● WHAT IS NEEDED
From the records below, please return each line that holds the word "about".

● EXTRACTED INFORMATION
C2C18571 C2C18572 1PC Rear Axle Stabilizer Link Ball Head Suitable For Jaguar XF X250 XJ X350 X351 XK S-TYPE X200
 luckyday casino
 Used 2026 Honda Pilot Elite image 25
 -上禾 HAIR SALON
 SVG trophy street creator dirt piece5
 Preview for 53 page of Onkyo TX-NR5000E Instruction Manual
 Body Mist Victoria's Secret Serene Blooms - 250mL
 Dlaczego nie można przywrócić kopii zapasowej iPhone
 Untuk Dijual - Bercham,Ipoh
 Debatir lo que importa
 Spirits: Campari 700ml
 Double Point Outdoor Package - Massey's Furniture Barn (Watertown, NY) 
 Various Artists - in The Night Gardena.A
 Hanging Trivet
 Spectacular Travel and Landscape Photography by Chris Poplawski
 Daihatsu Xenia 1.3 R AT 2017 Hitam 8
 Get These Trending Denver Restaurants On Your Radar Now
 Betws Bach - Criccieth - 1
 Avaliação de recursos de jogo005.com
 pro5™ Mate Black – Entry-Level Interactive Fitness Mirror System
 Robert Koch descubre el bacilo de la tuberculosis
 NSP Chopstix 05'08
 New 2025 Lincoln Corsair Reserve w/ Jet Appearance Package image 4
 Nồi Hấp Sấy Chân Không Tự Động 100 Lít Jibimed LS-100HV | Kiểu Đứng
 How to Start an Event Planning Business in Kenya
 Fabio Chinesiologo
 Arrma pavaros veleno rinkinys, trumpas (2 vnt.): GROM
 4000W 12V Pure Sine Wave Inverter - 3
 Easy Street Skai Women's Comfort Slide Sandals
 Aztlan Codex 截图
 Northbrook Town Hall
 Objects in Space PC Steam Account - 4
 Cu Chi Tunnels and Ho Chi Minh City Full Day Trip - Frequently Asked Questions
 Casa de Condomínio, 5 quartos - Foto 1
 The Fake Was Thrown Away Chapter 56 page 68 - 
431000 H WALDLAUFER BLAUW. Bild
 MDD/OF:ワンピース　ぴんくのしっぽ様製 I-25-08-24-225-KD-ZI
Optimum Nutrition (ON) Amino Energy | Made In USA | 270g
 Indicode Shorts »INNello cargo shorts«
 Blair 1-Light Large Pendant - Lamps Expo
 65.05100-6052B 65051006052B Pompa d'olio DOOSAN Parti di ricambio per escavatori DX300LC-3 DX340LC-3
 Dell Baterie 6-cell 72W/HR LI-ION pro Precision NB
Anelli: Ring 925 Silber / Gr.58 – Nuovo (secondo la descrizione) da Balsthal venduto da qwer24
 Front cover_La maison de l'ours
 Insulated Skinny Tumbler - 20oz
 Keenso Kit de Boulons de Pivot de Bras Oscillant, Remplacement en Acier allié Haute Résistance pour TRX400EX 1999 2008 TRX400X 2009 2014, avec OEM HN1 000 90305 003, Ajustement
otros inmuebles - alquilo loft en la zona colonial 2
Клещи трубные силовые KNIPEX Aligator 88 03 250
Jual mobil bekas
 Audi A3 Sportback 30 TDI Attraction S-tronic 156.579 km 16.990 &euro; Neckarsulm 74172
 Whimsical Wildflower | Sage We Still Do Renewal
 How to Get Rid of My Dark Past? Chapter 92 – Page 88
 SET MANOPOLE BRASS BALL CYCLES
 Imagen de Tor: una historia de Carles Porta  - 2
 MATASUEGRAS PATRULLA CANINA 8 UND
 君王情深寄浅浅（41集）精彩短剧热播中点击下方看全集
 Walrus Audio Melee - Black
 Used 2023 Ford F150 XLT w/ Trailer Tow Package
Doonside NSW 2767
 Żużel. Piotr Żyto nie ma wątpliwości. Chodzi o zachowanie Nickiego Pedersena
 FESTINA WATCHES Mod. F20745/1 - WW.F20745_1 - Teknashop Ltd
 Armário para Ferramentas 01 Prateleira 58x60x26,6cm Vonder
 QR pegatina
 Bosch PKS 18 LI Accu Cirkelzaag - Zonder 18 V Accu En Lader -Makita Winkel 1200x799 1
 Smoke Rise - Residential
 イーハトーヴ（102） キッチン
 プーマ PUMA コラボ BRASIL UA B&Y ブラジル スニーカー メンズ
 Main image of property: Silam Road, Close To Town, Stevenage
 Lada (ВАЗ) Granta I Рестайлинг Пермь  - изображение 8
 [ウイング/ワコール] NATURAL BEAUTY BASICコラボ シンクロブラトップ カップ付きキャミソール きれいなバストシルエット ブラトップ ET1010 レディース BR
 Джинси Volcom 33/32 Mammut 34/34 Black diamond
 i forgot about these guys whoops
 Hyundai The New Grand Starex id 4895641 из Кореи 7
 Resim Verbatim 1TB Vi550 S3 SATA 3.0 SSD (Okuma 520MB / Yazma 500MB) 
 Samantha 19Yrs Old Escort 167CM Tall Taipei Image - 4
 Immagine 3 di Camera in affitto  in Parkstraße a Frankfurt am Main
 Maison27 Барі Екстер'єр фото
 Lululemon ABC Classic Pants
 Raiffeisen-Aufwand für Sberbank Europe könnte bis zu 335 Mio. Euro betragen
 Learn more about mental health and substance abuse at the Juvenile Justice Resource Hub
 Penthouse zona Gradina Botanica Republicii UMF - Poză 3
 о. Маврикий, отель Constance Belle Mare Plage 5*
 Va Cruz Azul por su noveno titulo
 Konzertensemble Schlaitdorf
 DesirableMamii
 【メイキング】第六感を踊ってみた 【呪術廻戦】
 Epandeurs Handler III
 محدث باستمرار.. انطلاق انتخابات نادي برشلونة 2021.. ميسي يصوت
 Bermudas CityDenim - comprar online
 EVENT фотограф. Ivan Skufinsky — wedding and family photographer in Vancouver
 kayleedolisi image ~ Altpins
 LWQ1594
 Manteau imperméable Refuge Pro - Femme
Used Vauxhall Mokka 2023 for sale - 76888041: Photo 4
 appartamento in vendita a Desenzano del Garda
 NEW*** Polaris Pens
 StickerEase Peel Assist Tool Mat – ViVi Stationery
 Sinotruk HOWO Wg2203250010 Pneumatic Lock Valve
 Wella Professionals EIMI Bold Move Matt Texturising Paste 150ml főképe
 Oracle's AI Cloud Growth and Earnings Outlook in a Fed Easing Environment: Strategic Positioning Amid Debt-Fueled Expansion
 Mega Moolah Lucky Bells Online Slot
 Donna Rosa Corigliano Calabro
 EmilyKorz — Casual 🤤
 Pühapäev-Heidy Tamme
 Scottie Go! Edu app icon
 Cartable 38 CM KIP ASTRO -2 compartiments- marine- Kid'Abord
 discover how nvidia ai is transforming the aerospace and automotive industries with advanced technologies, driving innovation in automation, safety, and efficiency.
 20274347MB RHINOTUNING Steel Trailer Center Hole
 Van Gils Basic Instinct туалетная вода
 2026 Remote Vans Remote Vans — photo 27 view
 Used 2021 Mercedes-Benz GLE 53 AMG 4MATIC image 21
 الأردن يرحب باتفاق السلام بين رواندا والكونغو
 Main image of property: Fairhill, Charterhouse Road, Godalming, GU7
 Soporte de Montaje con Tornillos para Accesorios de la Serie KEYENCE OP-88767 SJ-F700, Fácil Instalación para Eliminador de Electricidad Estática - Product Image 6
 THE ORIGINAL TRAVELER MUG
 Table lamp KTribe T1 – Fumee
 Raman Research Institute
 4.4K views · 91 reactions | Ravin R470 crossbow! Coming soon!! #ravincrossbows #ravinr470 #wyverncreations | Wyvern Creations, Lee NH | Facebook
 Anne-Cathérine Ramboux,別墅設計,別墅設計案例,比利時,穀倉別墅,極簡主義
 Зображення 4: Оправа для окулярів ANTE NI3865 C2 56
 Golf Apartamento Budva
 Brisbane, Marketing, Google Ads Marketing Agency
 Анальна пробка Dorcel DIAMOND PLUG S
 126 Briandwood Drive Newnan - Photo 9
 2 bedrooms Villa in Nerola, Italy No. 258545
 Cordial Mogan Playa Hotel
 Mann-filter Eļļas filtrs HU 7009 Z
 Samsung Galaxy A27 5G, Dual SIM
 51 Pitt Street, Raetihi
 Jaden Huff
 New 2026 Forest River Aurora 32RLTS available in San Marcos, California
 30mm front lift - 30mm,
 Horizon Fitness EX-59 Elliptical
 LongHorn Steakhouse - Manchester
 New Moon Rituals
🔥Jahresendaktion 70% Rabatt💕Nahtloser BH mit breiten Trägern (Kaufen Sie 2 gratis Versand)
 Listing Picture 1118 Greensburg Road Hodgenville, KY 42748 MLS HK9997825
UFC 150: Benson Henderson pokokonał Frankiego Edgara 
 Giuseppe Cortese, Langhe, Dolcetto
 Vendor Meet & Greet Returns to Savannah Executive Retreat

● ANSWER SPACE
 i forgot about these guys whoops
 Learn more about mental health and substance abuse at the Juvenile Justice Resource Hub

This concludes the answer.